* [Information shown]
>>
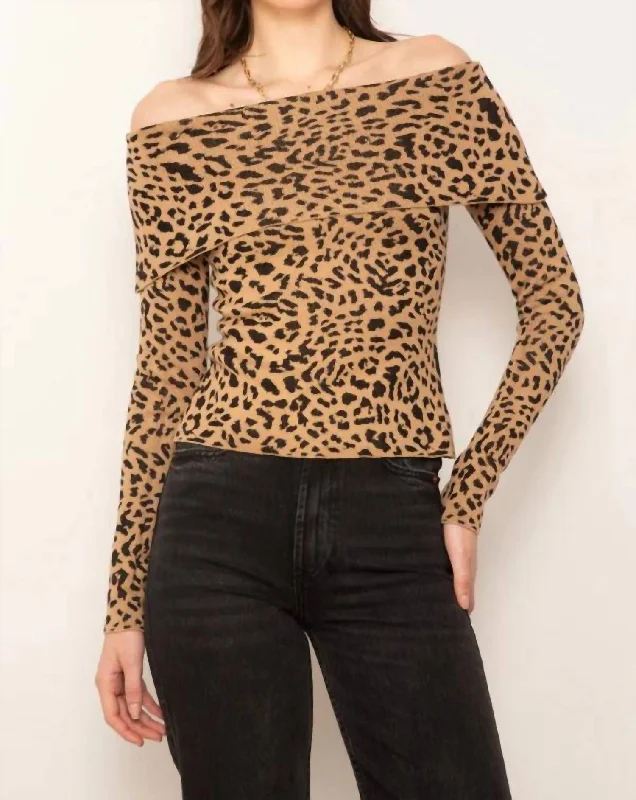 Multifunctional Style Nova Off Shoulder Sweater In Leopard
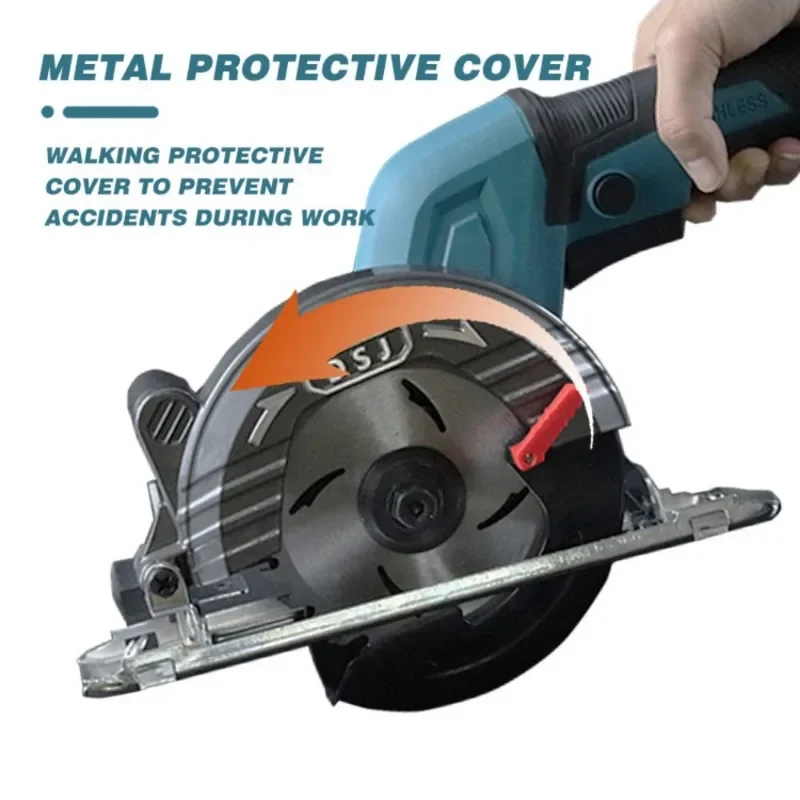 Brushless Circular Saw 5 Inch 125mm Multifunctional Cutting Tool Handheld Cordless Electric Chainsaw for Makita 18V Battery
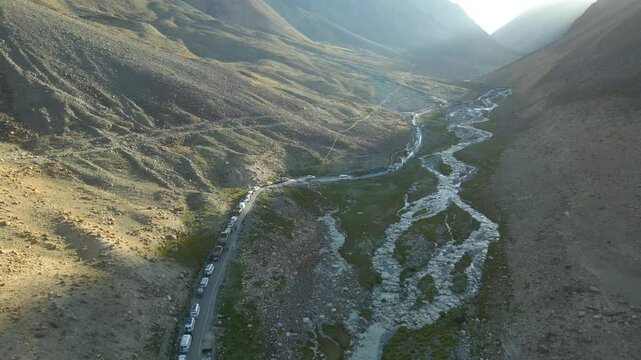 Aerial view of Leh Ladakh, Pangong Tso Lake, Maitreya Buddha, Diskit Monastery in Nubra Valley, Sand Dunes Nubra Valley,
<<
* [What the task requires]
The listing above must be restated word for word. Its pictures are to be left out.

* [Solution to this task]
 Multifunctional Style Nova Off Shoulder Sweater In Leopard
 Brushless Circular Saw 5 Inch 125mm Multifunctional Cutting Tool Handheld Cordless Electric Chainsaw for Makita 18V Battery
 Aerial view of Leh Ladakh, Pangong Tso Lake, Maitreya Buddha, Diskit Monastery in Nubra Valley, Sand Dunes Nubra Valley,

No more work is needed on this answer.